**The task**
Write out everything in the records exactly, apart from the pictures.

**Supplied data**
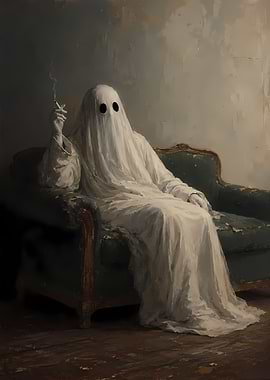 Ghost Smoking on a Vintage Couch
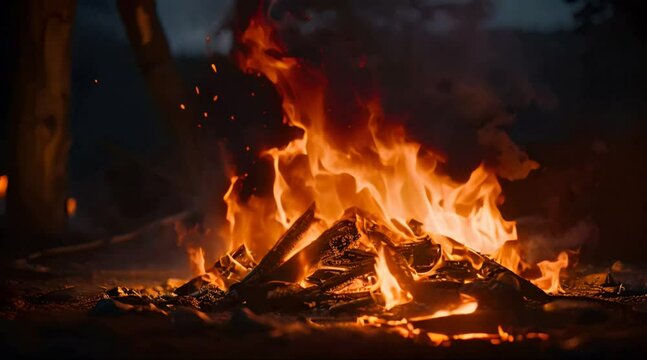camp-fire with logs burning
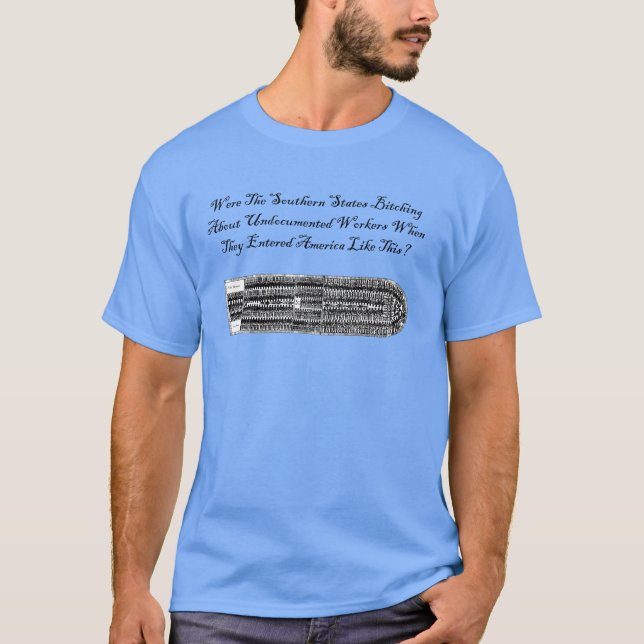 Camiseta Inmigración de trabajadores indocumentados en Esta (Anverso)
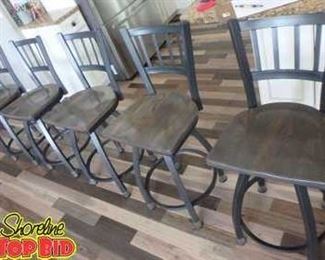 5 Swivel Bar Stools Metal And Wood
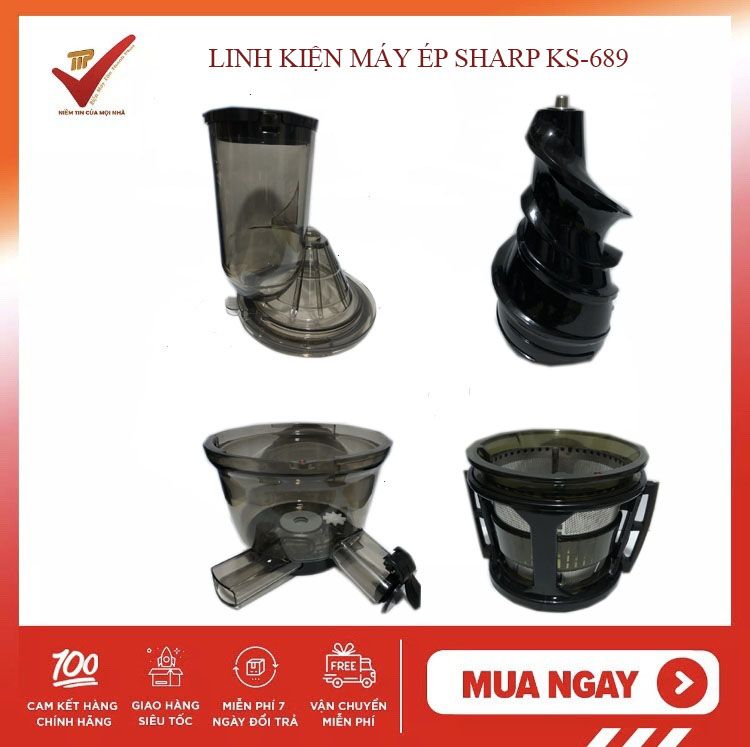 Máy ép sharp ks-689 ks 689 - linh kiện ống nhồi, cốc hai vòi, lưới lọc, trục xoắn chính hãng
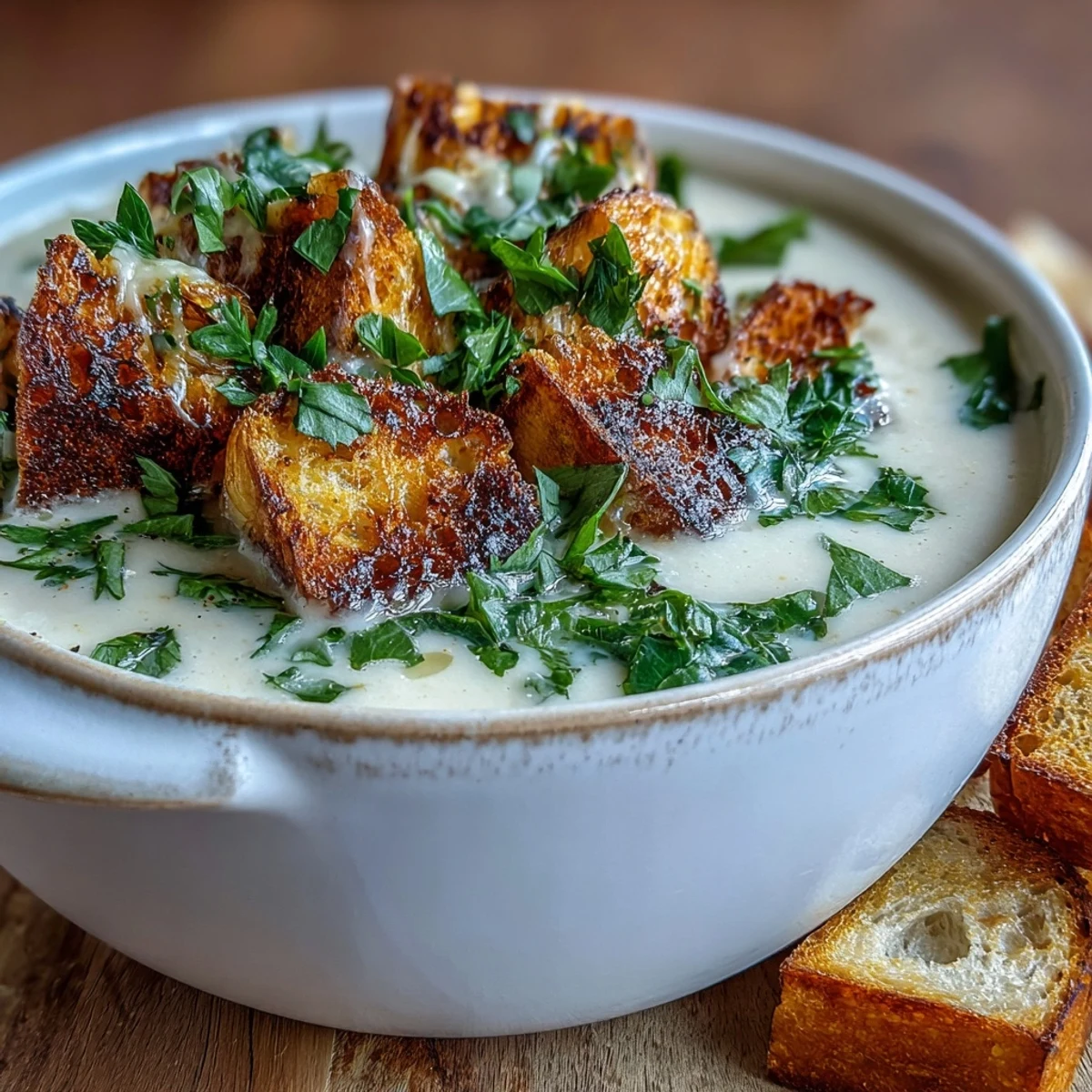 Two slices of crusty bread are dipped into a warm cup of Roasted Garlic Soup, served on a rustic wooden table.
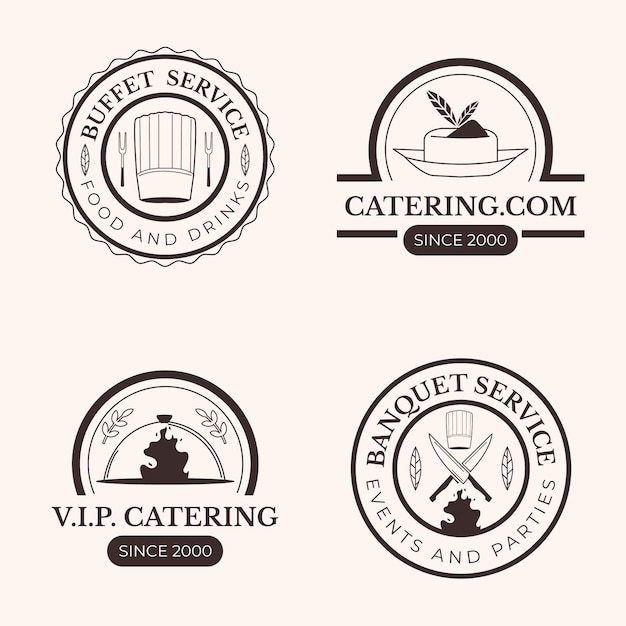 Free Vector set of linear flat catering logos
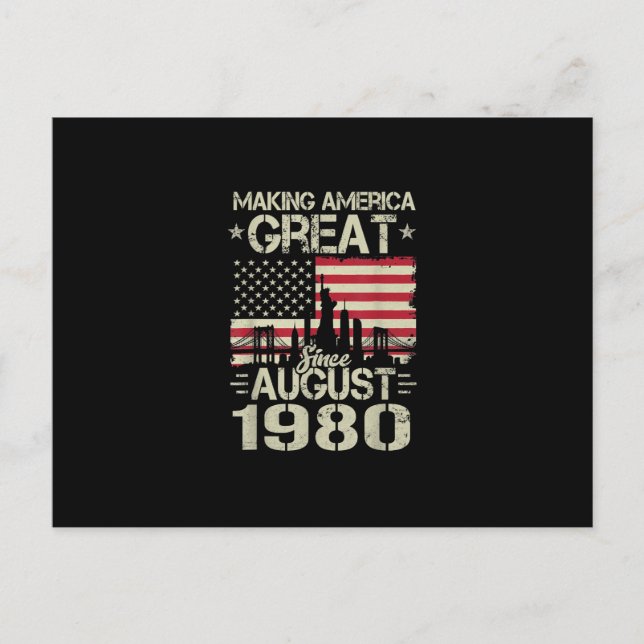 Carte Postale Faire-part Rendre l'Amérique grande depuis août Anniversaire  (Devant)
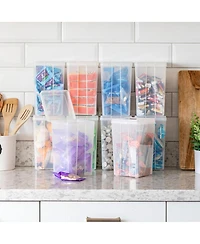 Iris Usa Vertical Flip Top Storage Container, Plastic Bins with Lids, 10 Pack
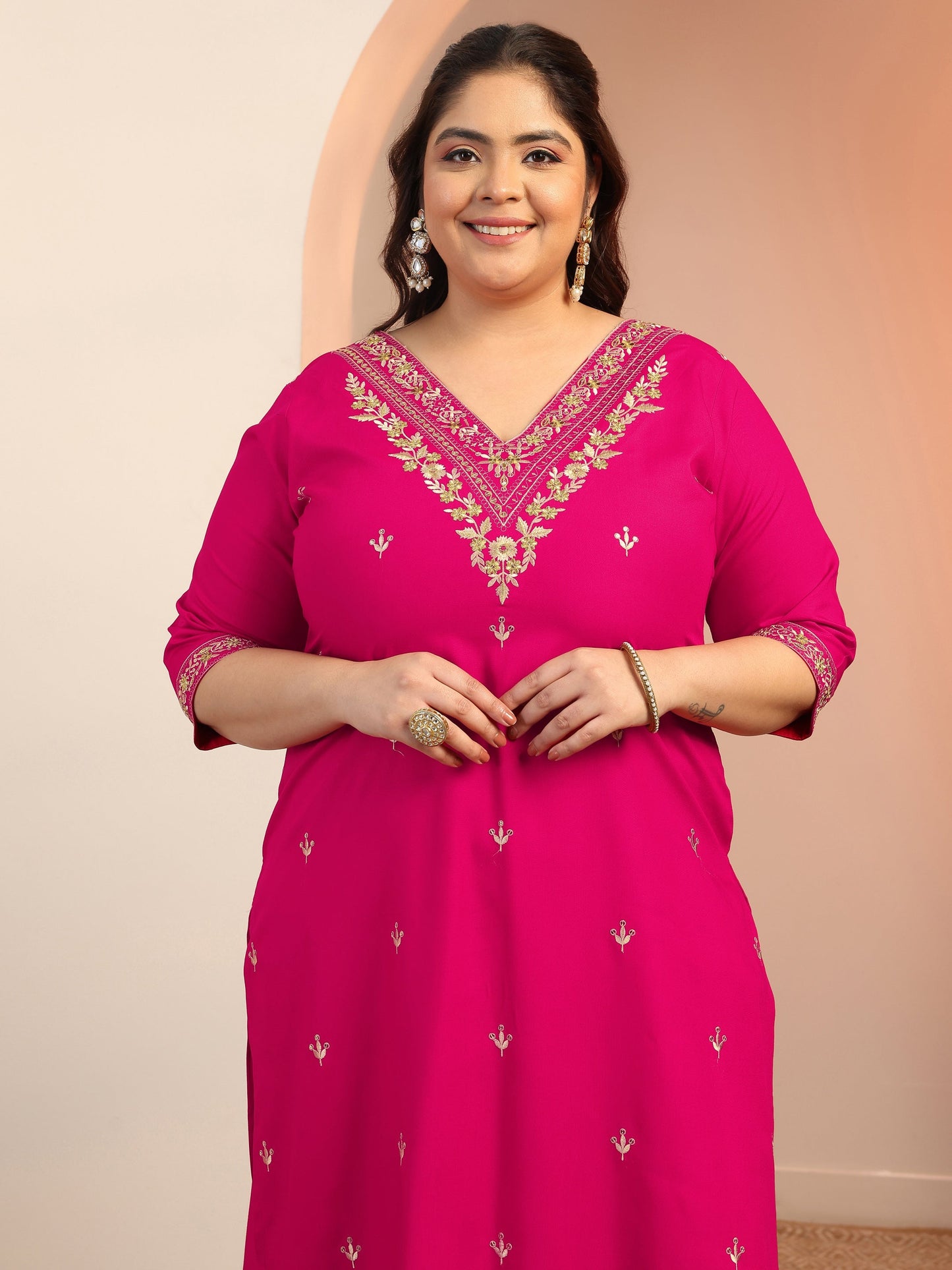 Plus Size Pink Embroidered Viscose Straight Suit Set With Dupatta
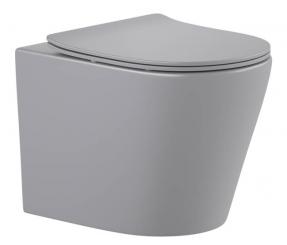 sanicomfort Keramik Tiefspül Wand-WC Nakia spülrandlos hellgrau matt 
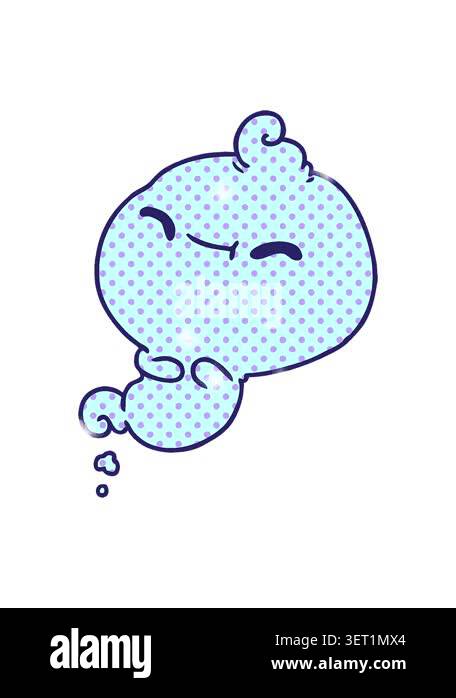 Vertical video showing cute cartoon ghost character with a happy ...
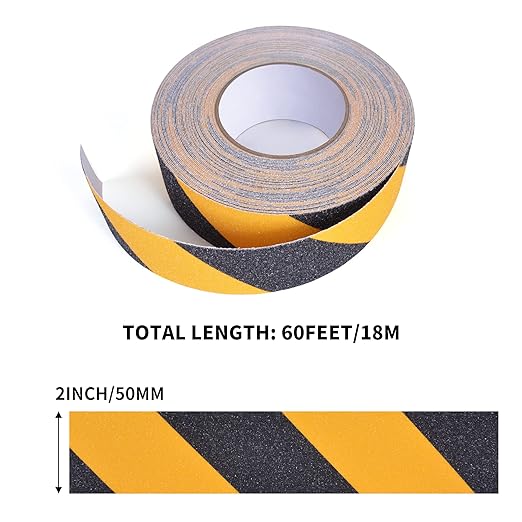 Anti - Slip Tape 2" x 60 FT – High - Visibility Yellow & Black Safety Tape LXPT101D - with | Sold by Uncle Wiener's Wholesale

**Answer box**
 Ghost Smoking on a Vintage Couch
camp-fire with logs burning
 Camiseta Inmigración de trabajadores indocumentados en Esta (Anverso)
 5 Swivel Bar Stools Metal And Wood
 Máy ép sharp ks-689 ks 689 - linh kiện ống nhồi, cốc hai vòi, lưới lọc, trục xoắn chính hãng
 Two slices of crusty bread are dipped into a warm cup of Roasted Garlic Soup, served on a rustic wooden table.
 Free Vector set of linear flat catering logos
 Carte Postale Faire-part Rendre l'Amérique grande depuis août Anniversaire  (Devant)
 Iris Usa Vertical Flip Top Storage Container, Plastic Bins with Lids, 10 Pack
 Plus Size Pink Embroidered Viscose Straight Suit Set With Dupatta
 sanicomfort Keramik Tiefspül Wand-WC Nakia spülrandlos hellgrau matt 
 Vertical video showing cute cartoon ghost character with a happy ...
 Anti - Slip Tape 2" x 60 FT – High - Visibility Yellow & Black Safety Tape LXPT101D - with | Sold by Uncle Wiener's Wholesale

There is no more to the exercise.